Он не плачет. Он не в состоянии плакать. Старается перевести дыхание. Все его члены трепещут, тело вздрагивает, как будто у него начинается какая-то серьезная болезнь.
Только бы его матрац не скрипел. Только бы подавить рыдания — они уже подступают у него к горлу, и он догадывается: лежащий в соседней комнате отец не спит, напрягает слух.
В голове его возникает картина, звучит одно слово, оно разбухает, принимает чудовищные размеры, все это сейчас раздавит его: турок!..
Всю ночь кто-то сжимает, теснит, душит его со всех сторон, до тех пор пока в слуховом окне не забрезжил рассвет и пока отец Жанна, стоя у кровати, не прошепчет, боясь показаться слишком строгим:
— Ты не должен делать этого, сын!.. Ведь ты опять пил, не так ли?.. Ты даже спал не раздеваясь!..
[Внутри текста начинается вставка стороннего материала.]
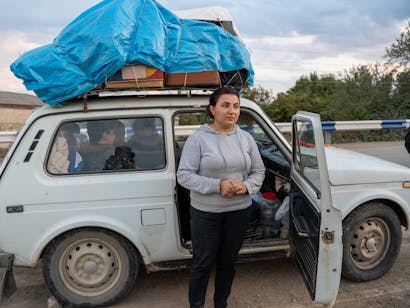 mensen staan voor een witte auto waarin ze gevlucht zijn uit Nagorno-Karabach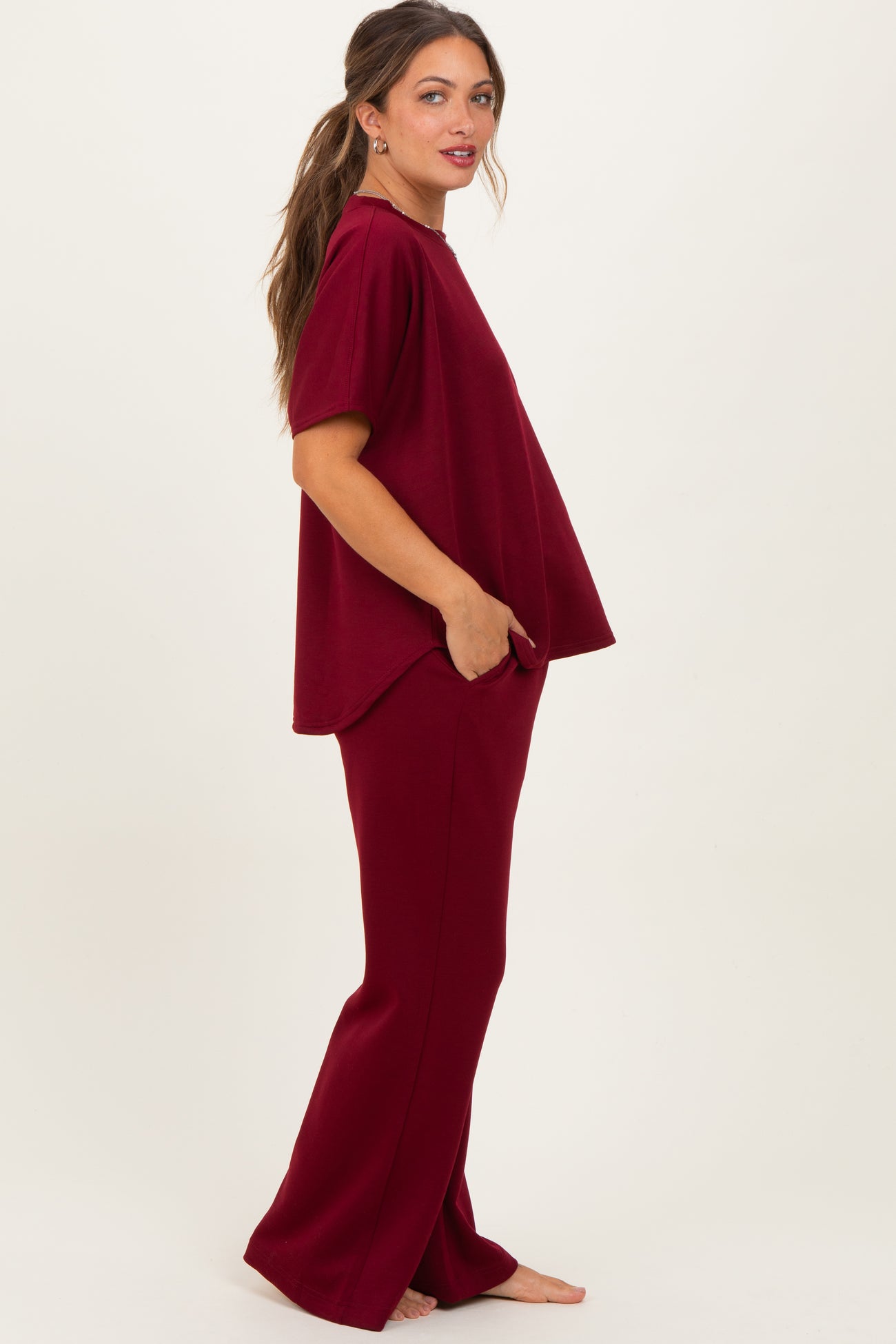 woman wearing a burgundy maternity loungewear set with a loose top and matching pants, baby bump visible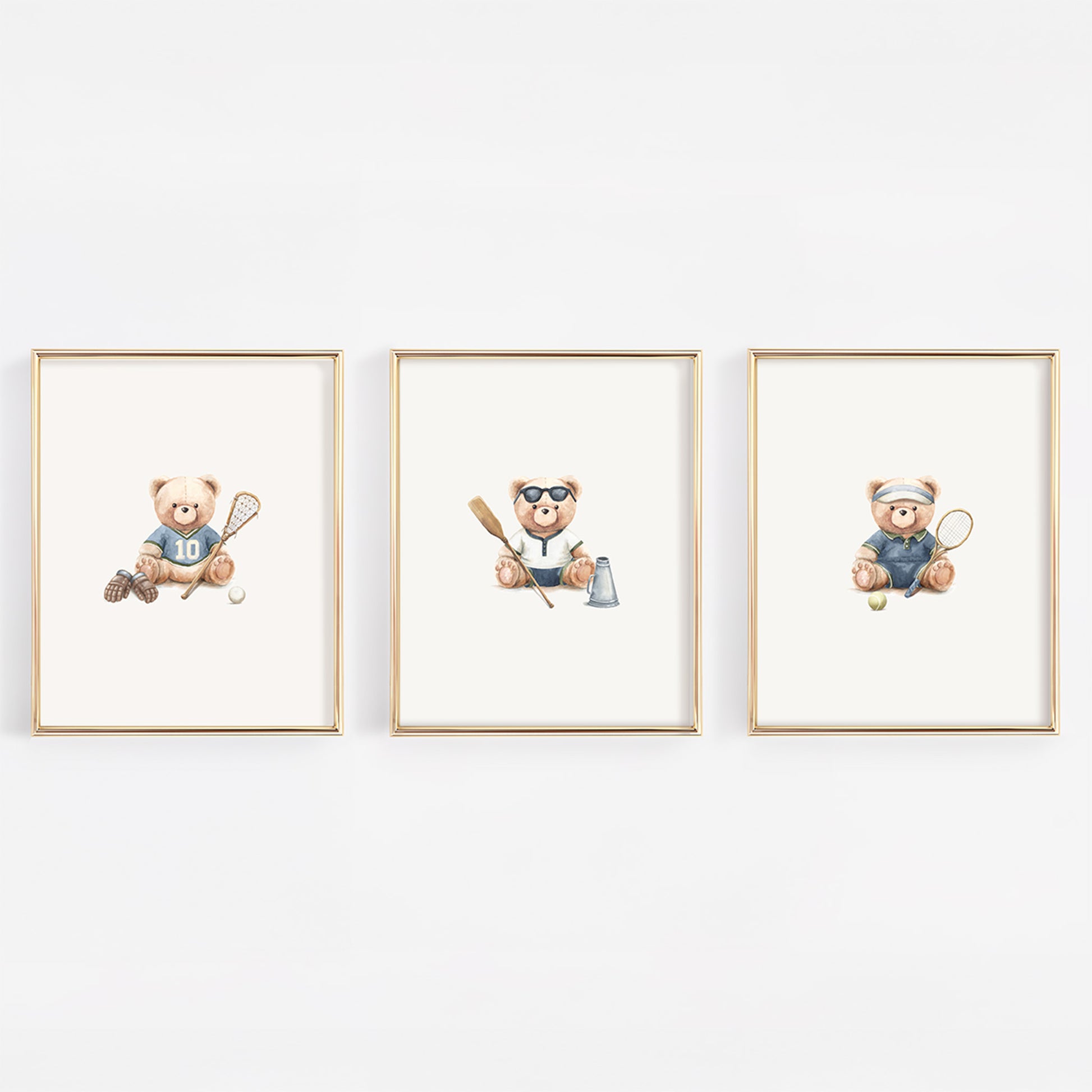 Three framed watercolor prints of teddy bears playing sports, displayed side-by-side on a white wall. The left bear plays lacrosse, the middle bear rows crew and the right bear plays tennis.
С первого этажа поднимается запах кофе и яичницы с салом. По улице проезжают грузовики. Хлопают двери. Поет петух.
Жан Шабо, оттолкнув тарелку, положил локти на стол и не отрываясь смотрел на дворик, виднеющийся сквозь тюль занавесок. Белая краска стен ярко блестела на солнце.
Отец украдкой наблюдал за ним, не переставая есть, и пытался создать подобие беседы.
— Ты еще не знаешь, наверное, что большой дом на улице Феронстре будет пущен в продажу? Кто-то спрашивал меня об этом на работе. Может быть, тебе следовало бы узнать…
Но тут вмешалась мадам Шабо, которая чистила овощи для супа и тоже следила за сыном.